L’ouvrage de Duhamel est structuré en six grandes parties. La première partie détaille les enjeux de définition du tourisme, qui relève en soi d’une invention sociale et discute des formes de tourisme. La seconde procède d’une géographie historique, des pratiques et des lieux touristiques. La troisième partie restitue un ensemble de chiffres sur les enjeux économiques et la géographie politique du secteur. Des chiffres et des tableaux donnent alors quelques éléments plus factuels d’actualité. Le quatrième chapitre présente la diffusion récente du tourisme à travers le monde, des « fronts pionniers récents » aux « destinations à venir ». Les chapitres V et VI montrent les logiques de mise en tourisme des lieux, ainsi que les mécanismes de construction des ressources touristiques et procède par typologie dans l’étude des lieux touristiques. Ces deux dernières parties, plus théoriques, délibérément proches des positions de l’équipe de recherche MIT, débouchent sur une conclusion relative à la mondialisation récréative bien construite, notamment à partir d’un planisphère thématique et d’un tableau de synthèse, mais sans revenir vraiment sur le concept de pratiques récréatives.

Dans la très vaste bibliographie, on pourra toujours regretter une certaine prédominance des auteurs issus de l’ancienne équipe de recherche MIT, sinon de l’ouest de la France, mais les travaux de l’ancien réseau de recherche Grand Sud (qui s’opposaient au MIT) sont pour autant parfaitement intégrés, et la multitude des groupes de recherche plus actuels est bien présente.

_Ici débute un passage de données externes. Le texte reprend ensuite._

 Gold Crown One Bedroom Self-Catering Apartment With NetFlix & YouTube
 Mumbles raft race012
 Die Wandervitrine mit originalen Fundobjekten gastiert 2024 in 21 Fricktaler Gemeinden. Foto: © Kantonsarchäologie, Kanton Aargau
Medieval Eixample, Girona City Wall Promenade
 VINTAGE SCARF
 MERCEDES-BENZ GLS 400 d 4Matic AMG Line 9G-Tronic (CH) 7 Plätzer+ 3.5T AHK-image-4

Construite à partir du socle des connaissances francophones, cette bibliographie comporte assez peu de références étrangères (anglophones, hispanophones, etc.), mais cela n’est pas un défaut si l’on considère la cohérence d’une approche. Au contraire, on pourrait produire un manuel de synthèse des recherches anglo-saxonnes en géographie. Les cadres d’analyse sont différents, les concepts, les auteurs de référence et les terrains d’étude ne seraient pas les mêmes. C’est un autre projet. Ce livre francophone de Philippe Duhamel mériterait au contraire une traduction en anglais et en espagnol pour que cette recherche puisse franchir les frontières. Contre l’idée d’une recherche mondialisée, uniformisée et positiviste, je pense en effet que les préoccupations fondamentales et les mentalités ne sont pas nécessairement similaires entre les géographies du monde.

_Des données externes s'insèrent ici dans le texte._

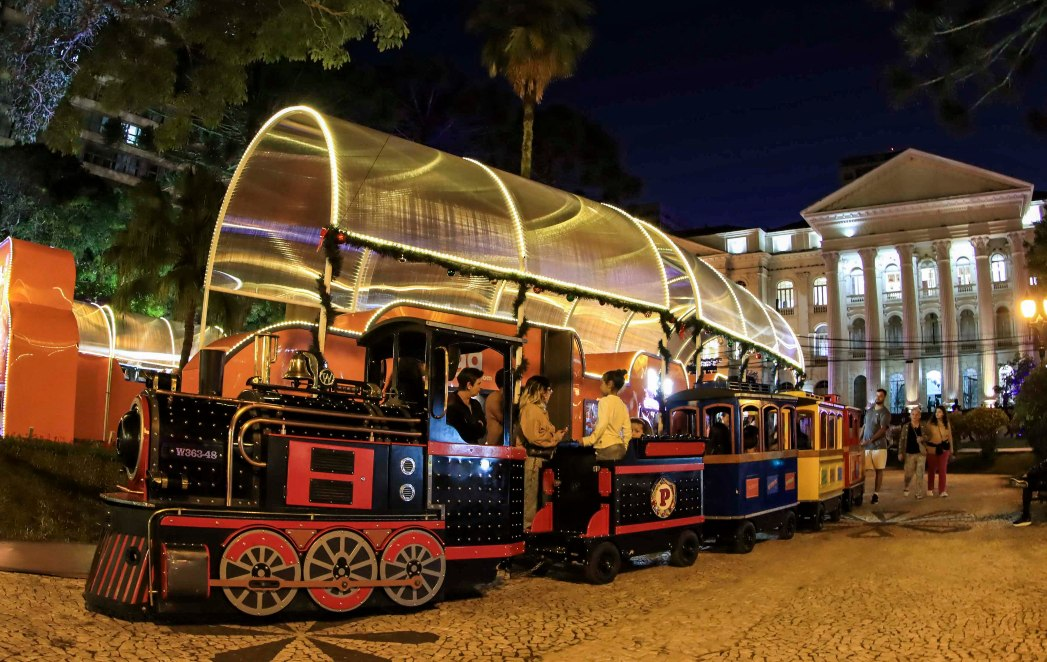 Curitiba Ilumina o Natal com Mais de 150 Atrações Gratuitas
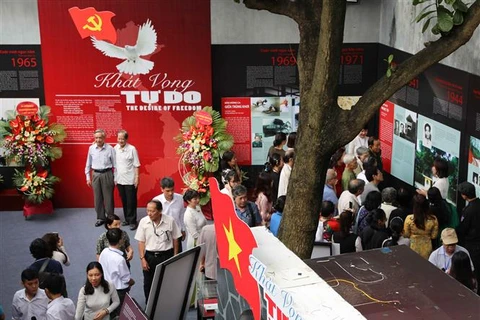 Exhibition opens at Hoa Lo Prison to mark President Ho Chi Minh’s birthday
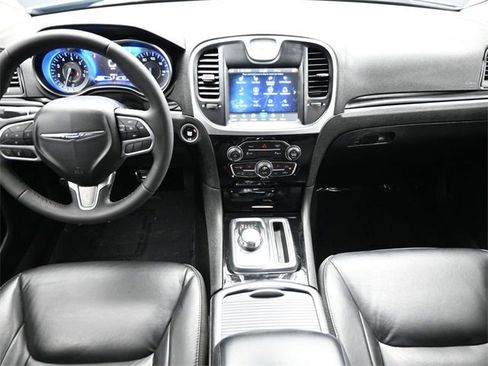 Used 2023 Chrysler 300 Touring L image 19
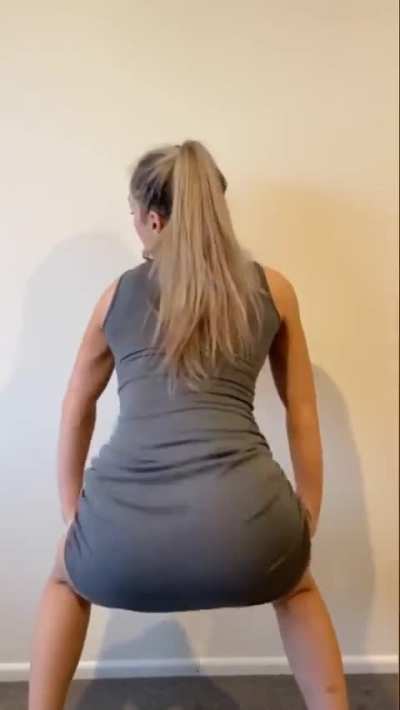 Twerk Queen Nmolly Knows How To Shake Her Ass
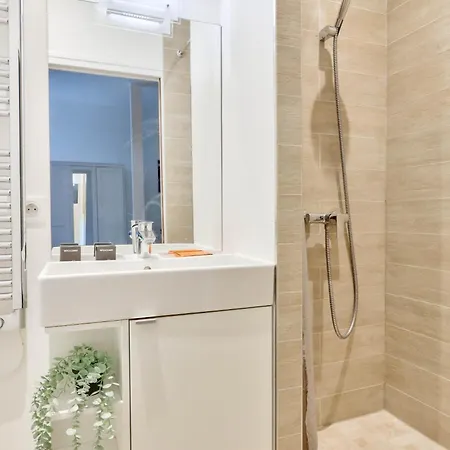 New & Design In The Heart Of Le Marais Apartament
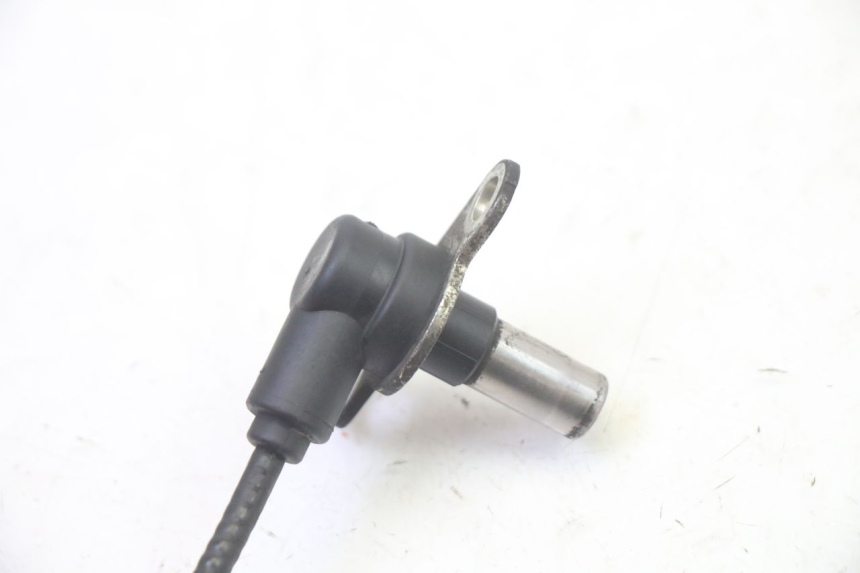 photo de SENSOR ABS DELANTERO HONDA FES S-WING SWING ABS 125 (2007 - 2015) - Primer plano técnico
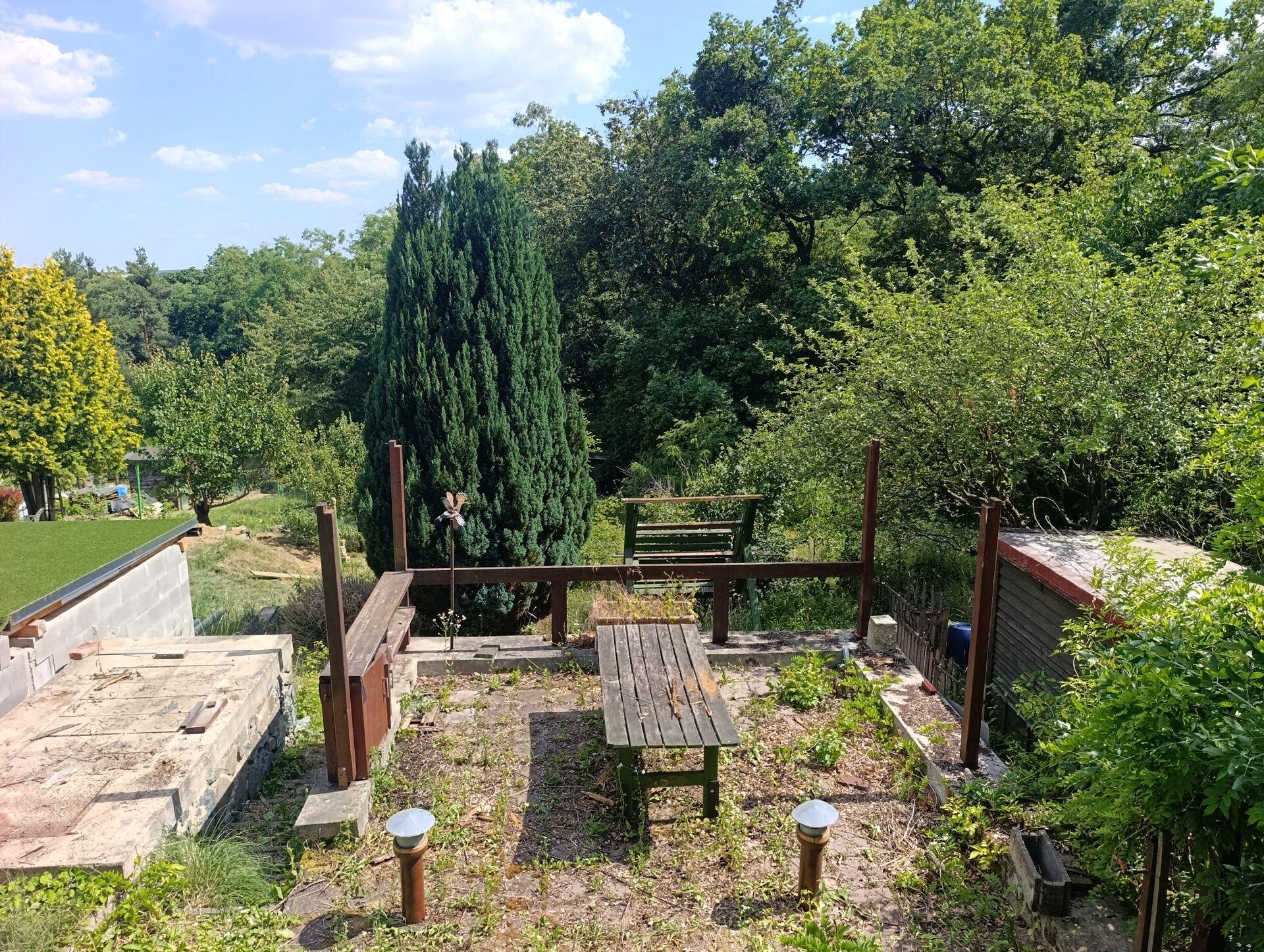 Prodej zděné rekreační chaty se zahradou 296m2 v obci Silůvky.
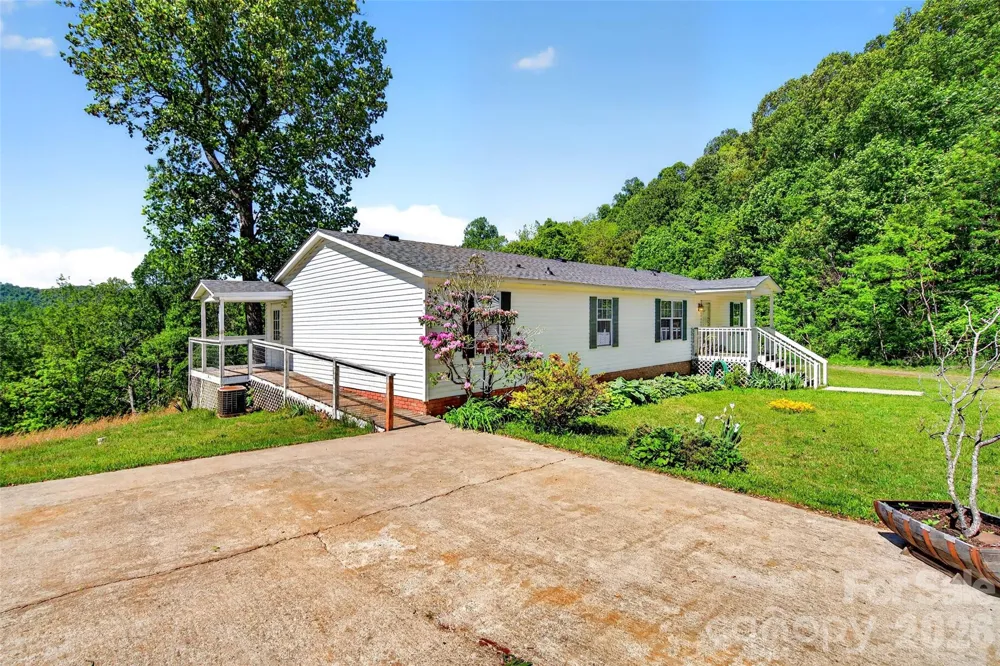 298 Wolf Crossing Bakersville, NC 28705
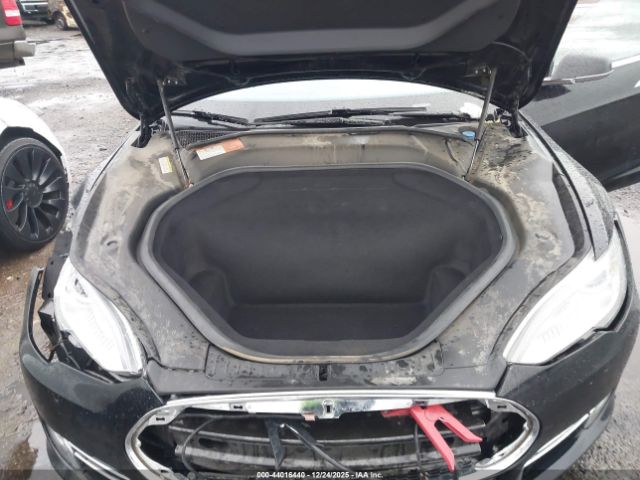 Tesla Model S Image 2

Il manque par contre, étonnamment, les travaux remarquables de Gauchon (1996 et 1997) sur les friches touristiques, Bachimon (1997, 2005 et 2013) sur les arrière-pays, sinon les miens sur ces deux thématiques. Dans le même sens, le chapitre sur les liens entre sport et tourisme manque quelque peu de consistance au regard de l’ampleur de la bibliographie existante à ce sujet, mais il faut reconnaître à l’auteur d’avoir clairement montré l’importance du secteur, notamment les enjeux olympiques.

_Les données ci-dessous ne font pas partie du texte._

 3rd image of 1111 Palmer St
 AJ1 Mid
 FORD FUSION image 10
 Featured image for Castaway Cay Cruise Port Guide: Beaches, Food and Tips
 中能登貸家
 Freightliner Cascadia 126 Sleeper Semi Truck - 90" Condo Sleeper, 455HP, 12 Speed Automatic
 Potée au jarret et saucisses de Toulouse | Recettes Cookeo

Enfin et c’est par contre vraisemblablement une volonté de l’auteur, l’oeuvre controversée de Jean-Michel Hoerner ne trouve pas sa place tout au long des 283 pages du livre. Les fondements d’une science du tourisme que cet auteur propose, la « tourismologie », et son approche marxiste du tourisme (qui n’a jamais été critiquée sur le fond des contradictions épistémologiques internes d’une science qui voudrait détruire son objet) ne sont pas sans existence ni influence, y compris justement à l’étranger. En attestent Les Cahiers internationaux du tourisme dont il contrôle le comité scientifique entre Nîmes et Perpignan, ses nombreux ouvrages aux Presses universitaires de Perpignan ou ses publications dans la revue Hérodote, sinon dans la collection dirigée par Yves Lacoste chez le même éditeur que ce manuel de Géographie du tourisme et des loisirs (Hoerner, 2002, 2007, 2008a et 2008b). Sans défendre cette approche dont la critique serait aussi un moyen de comprendre la recherche en tourisme et les mécanismes de production de cette recherche, on peut regretter ce silence dans ce très bon livre et nouveau manuel.